Instructions for the task: Please copy exactly the lines from the one containing "a view of a room with wooden floor" to the end of the entries, both included, and nothing else. Omit every picture.
# # # # #
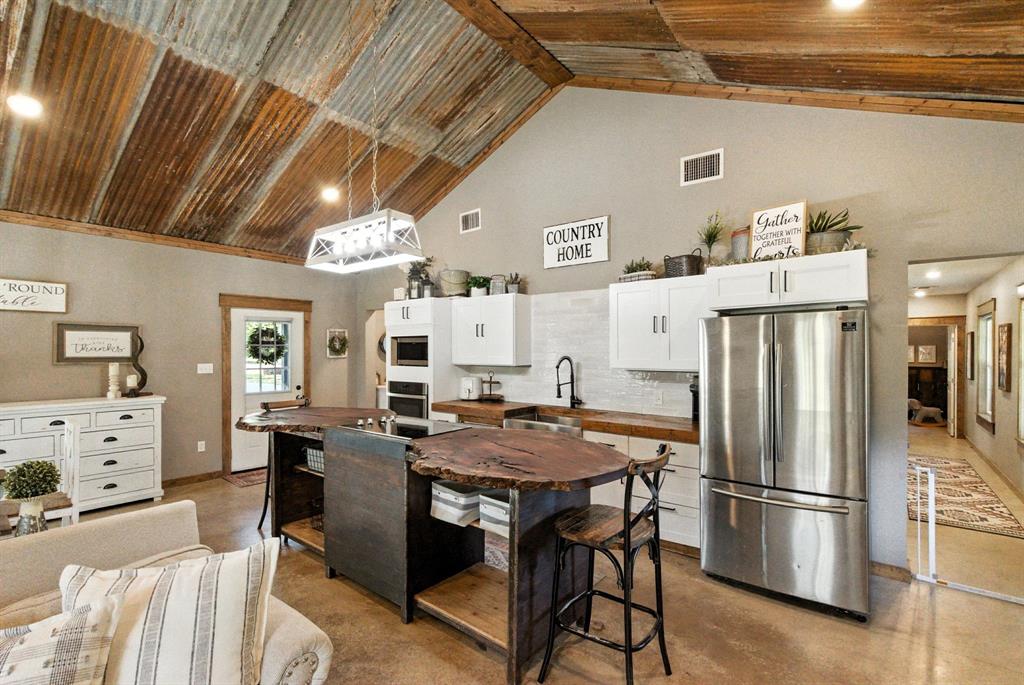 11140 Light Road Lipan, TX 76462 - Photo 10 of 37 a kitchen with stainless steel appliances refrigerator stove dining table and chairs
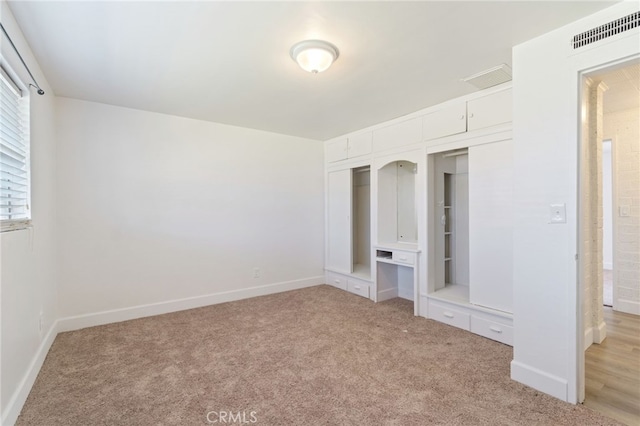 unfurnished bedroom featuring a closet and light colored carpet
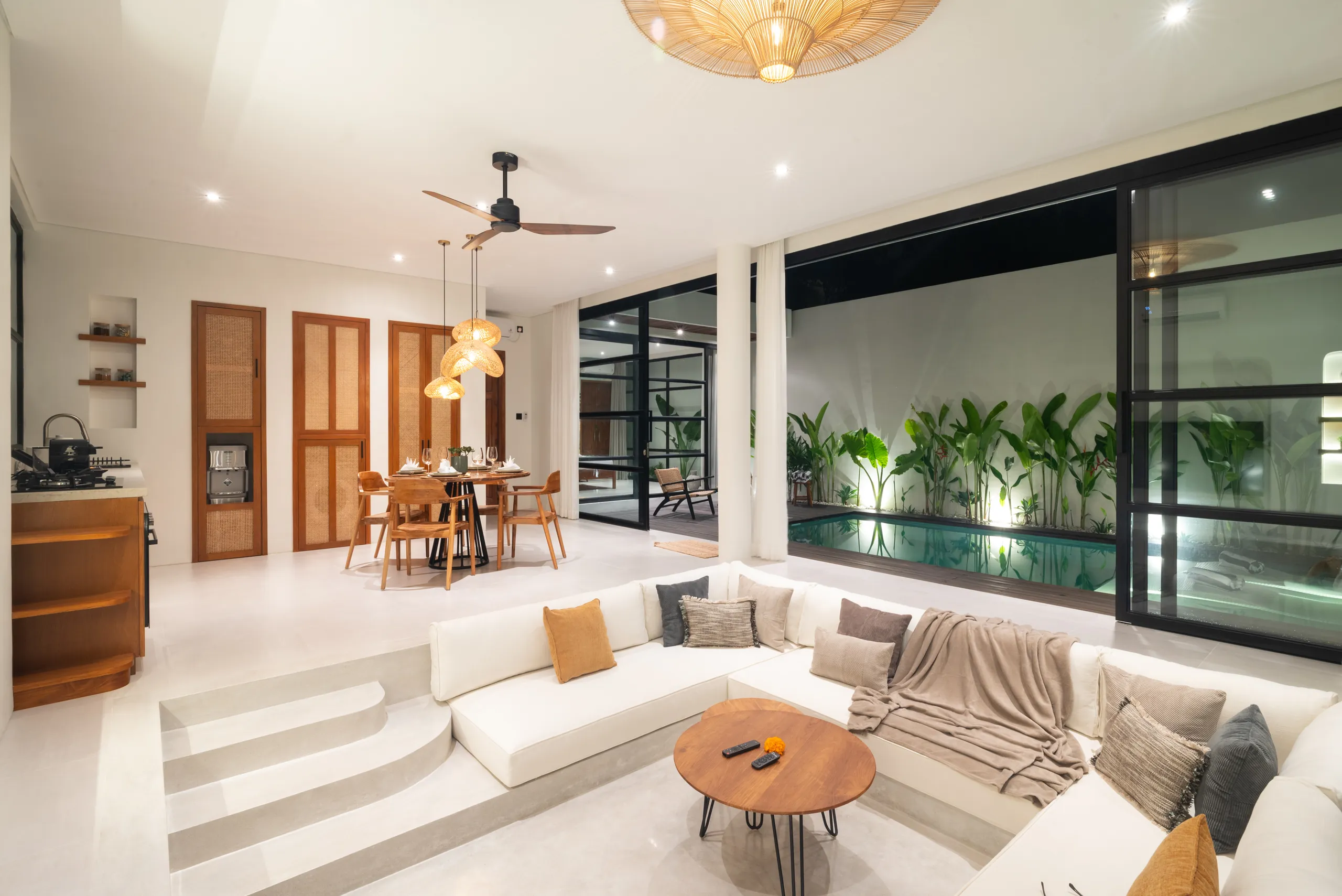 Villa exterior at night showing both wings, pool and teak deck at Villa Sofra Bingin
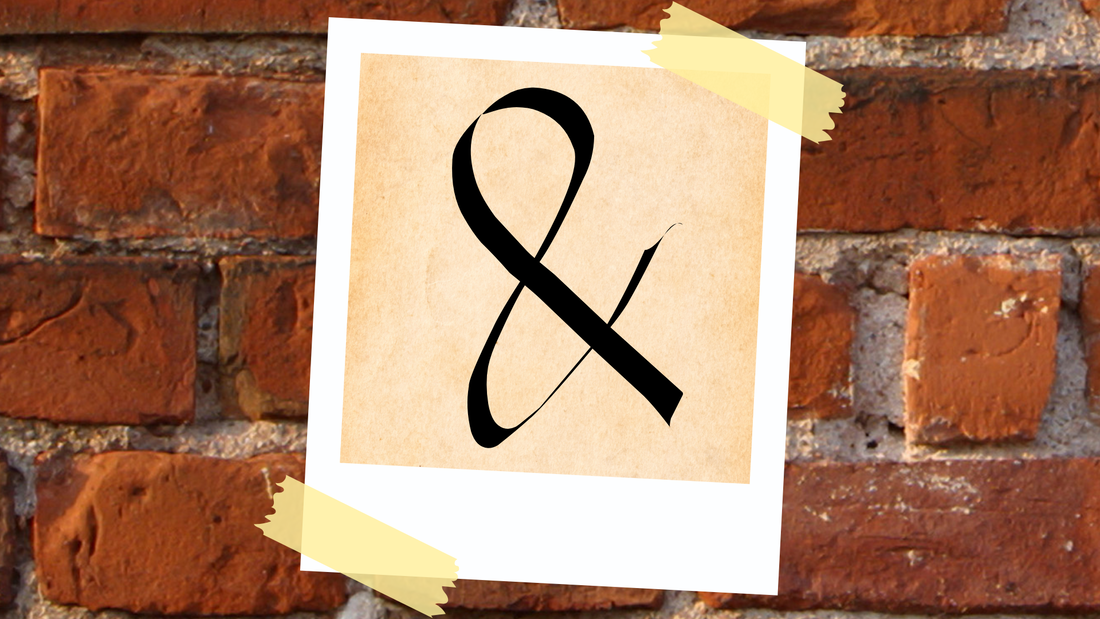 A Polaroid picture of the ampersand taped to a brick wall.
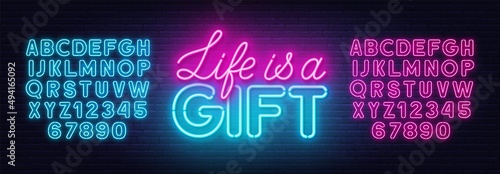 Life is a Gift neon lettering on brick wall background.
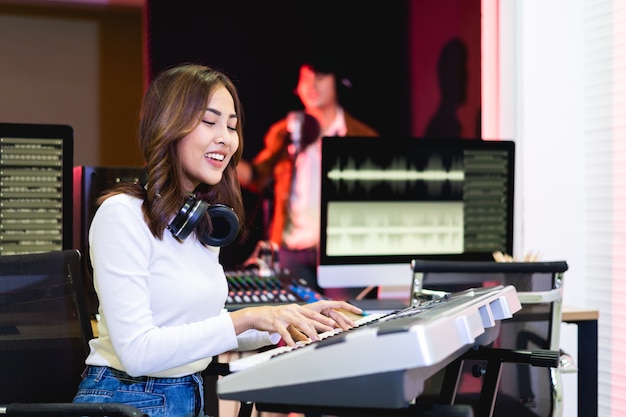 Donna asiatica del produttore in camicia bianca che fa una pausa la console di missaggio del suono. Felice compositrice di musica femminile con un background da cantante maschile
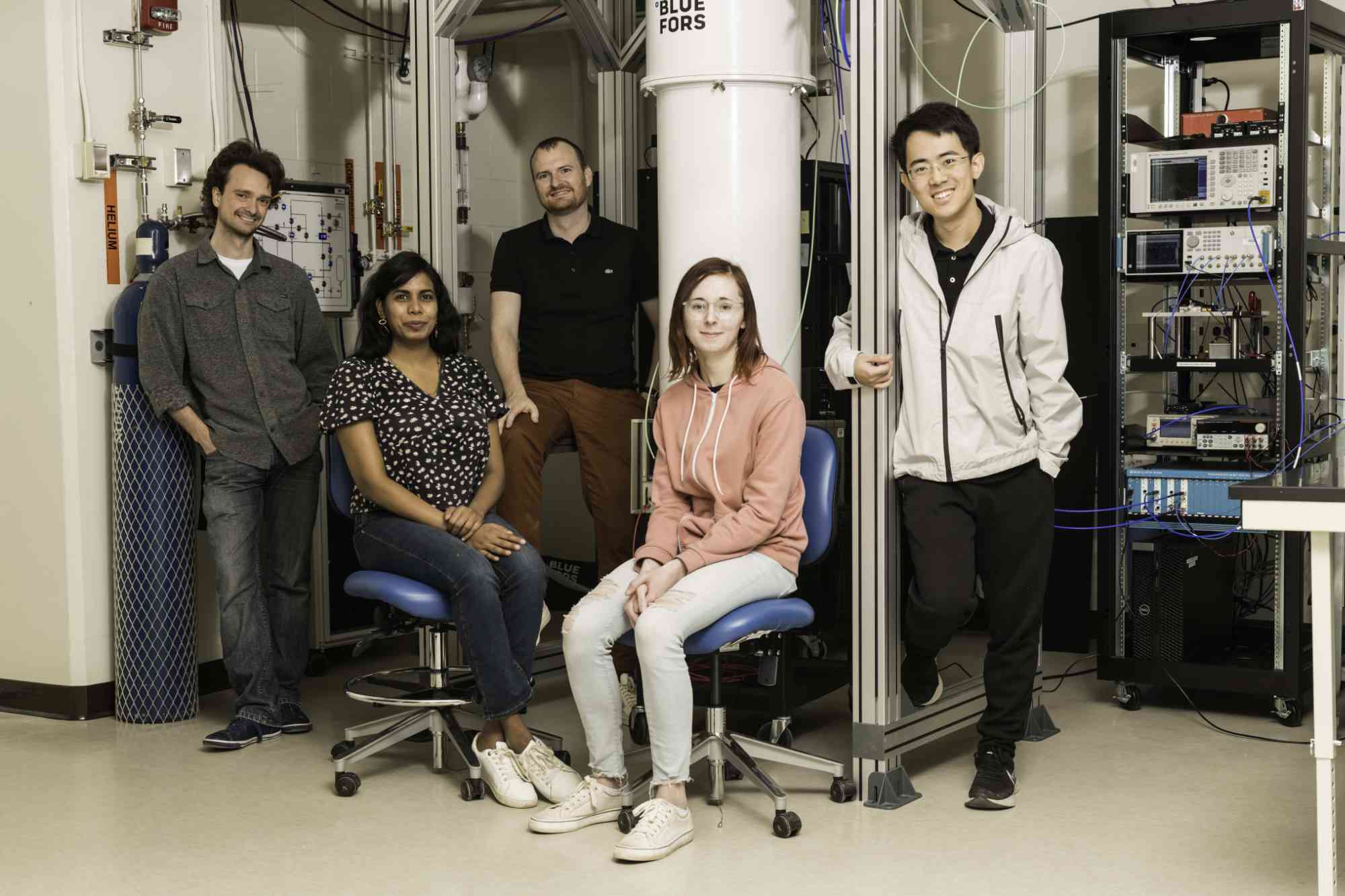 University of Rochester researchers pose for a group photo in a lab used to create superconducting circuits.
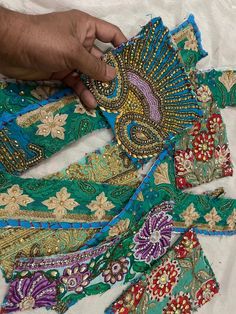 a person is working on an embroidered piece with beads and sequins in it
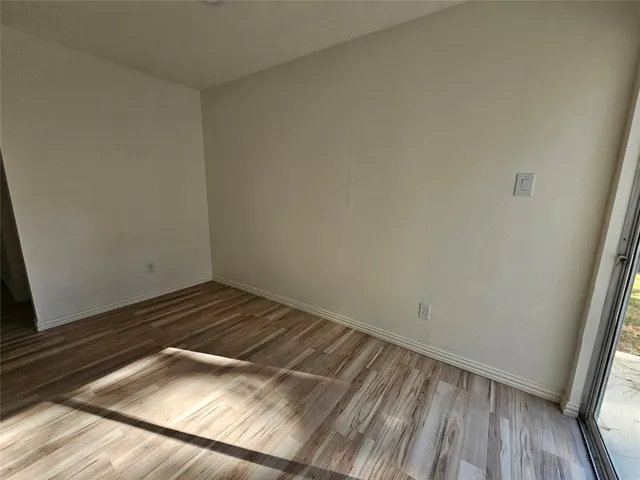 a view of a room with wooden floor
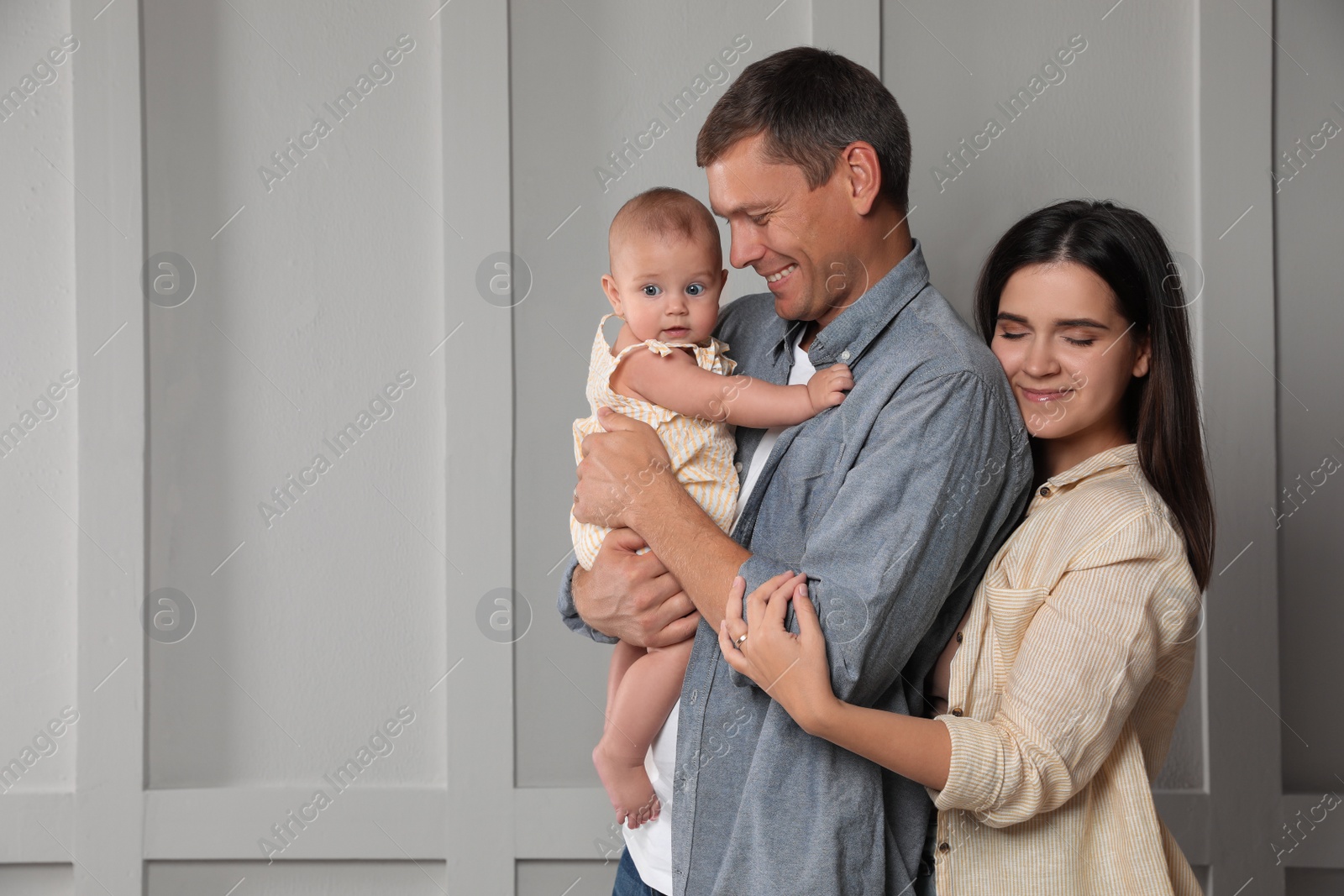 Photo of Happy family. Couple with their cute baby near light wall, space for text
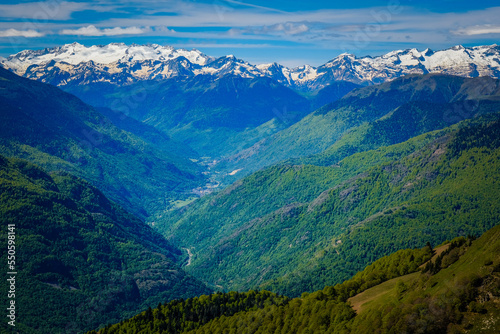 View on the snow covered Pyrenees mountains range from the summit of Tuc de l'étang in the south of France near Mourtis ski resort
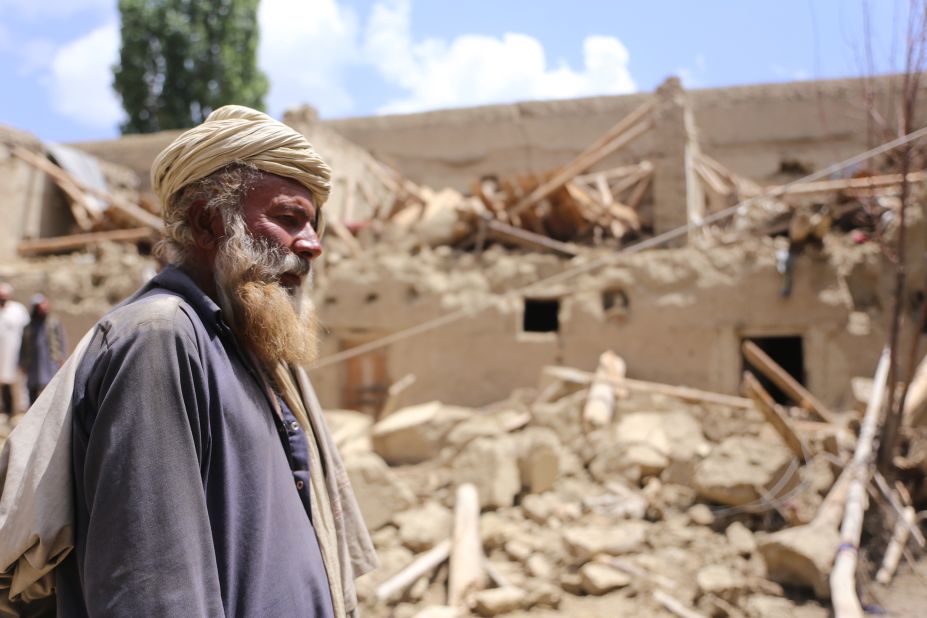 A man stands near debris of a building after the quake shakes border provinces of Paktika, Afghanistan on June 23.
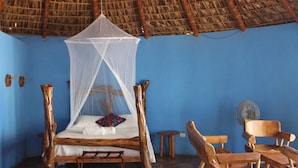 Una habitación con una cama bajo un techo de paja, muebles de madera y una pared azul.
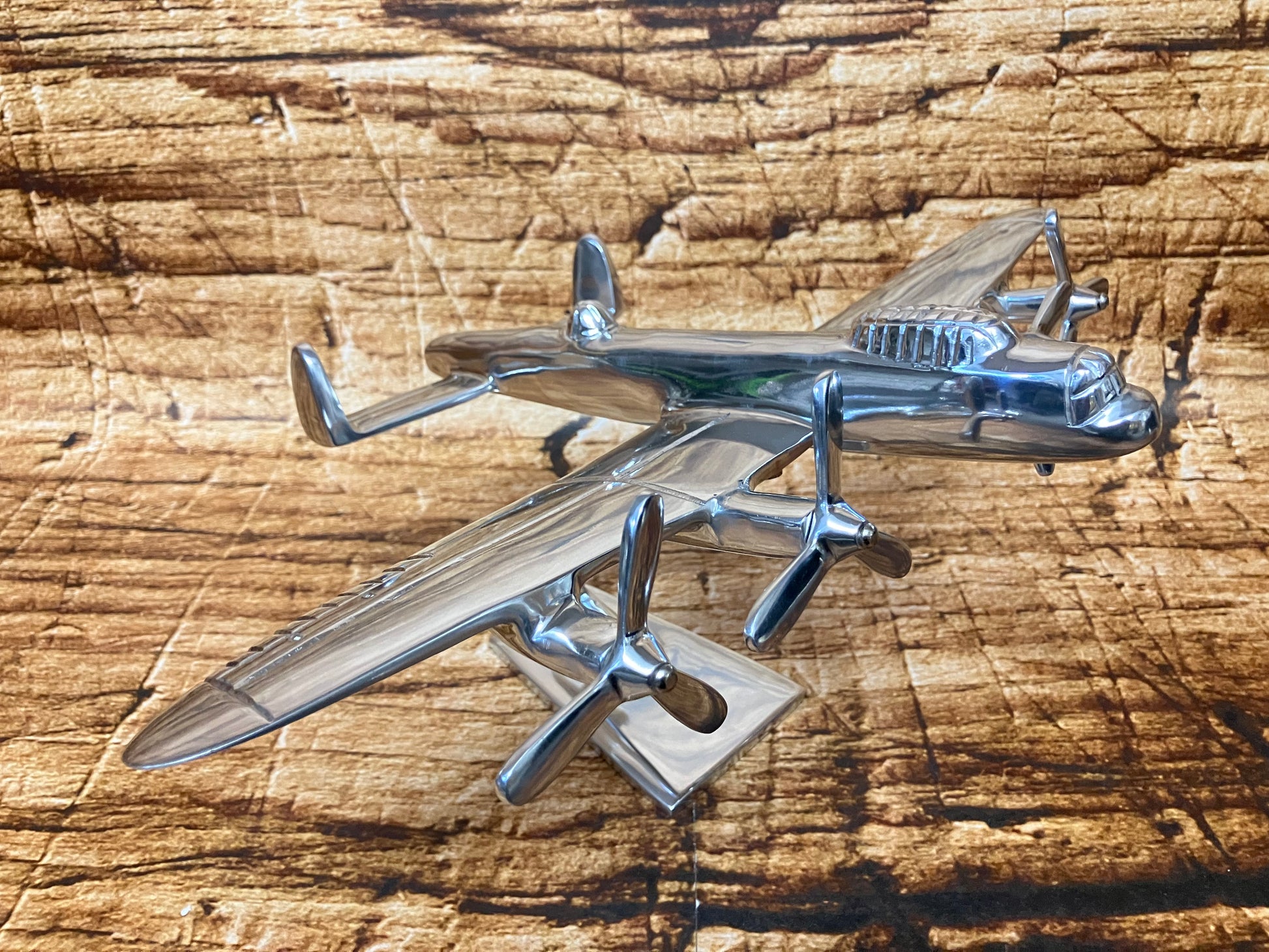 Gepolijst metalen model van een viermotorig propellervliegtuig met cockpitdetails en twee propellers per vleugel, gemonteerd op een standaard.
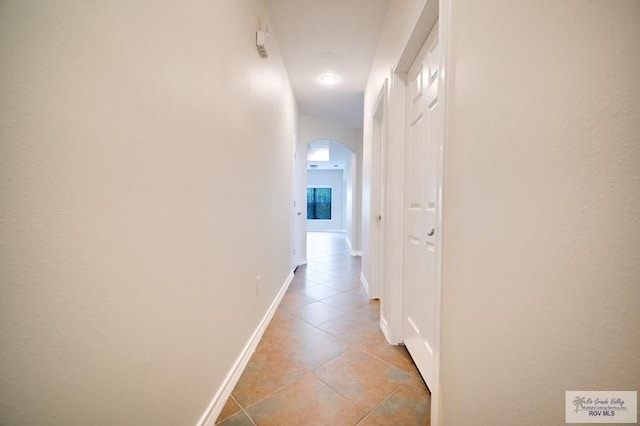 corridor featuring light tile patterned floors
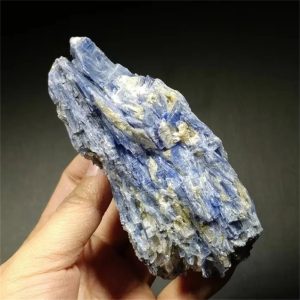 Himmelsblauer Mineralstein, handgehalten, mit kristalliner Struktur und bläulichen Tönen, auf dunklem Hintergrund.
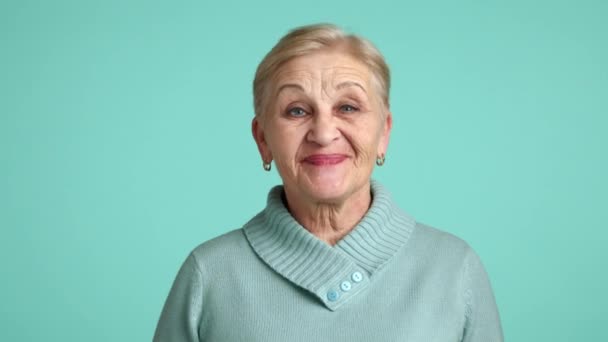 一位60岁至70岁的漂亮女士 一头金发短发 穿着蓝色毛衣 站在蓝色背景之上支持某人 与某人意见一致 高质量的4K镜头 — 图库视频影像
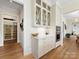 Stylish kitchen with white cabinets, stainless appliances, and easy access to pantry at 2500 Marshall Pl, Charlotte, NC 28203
# # # # #
Result for this task:
 a view of a room with wooden floor
 Photo of Happy family. Couple with their cute baby near light wall, space for text
 View on the snow covered Pyrenees mountains range from the summit of Tuc de l'étang in the south of France near Mourtis ski resort
 A man stands near debris of a building after the quake shakes border provinces of Paktika, Afghanistan on June 23.
 Una habitación con una cama bajo un techo de paja, muebles de madera y una pared azul.
 Gepolijst metalen model van een viermotorig propellervliegtuig met cockpitdetails en twee propellers per vleugel, gemonteerd op een standaard.
 corridor featuring light tile patterned floors
 Himmelsblauer Mineralstein, handgehalten, mit kristalliner Struktur und bläulichen Tönen, auf dunklem Hintergrund.
 一位60岁至70岁的漂亮女士 一头金发短发 穿着蓝色毛衣 站在蓝色背景之上支持某人 与某人意见一致 高质量的4K镜头 — 图库视频影像
 Stylish kitchen with white cabinets, stainless appliances, and easy access to pantry at 2500 Marshall Pl, Charlotte, NC 28203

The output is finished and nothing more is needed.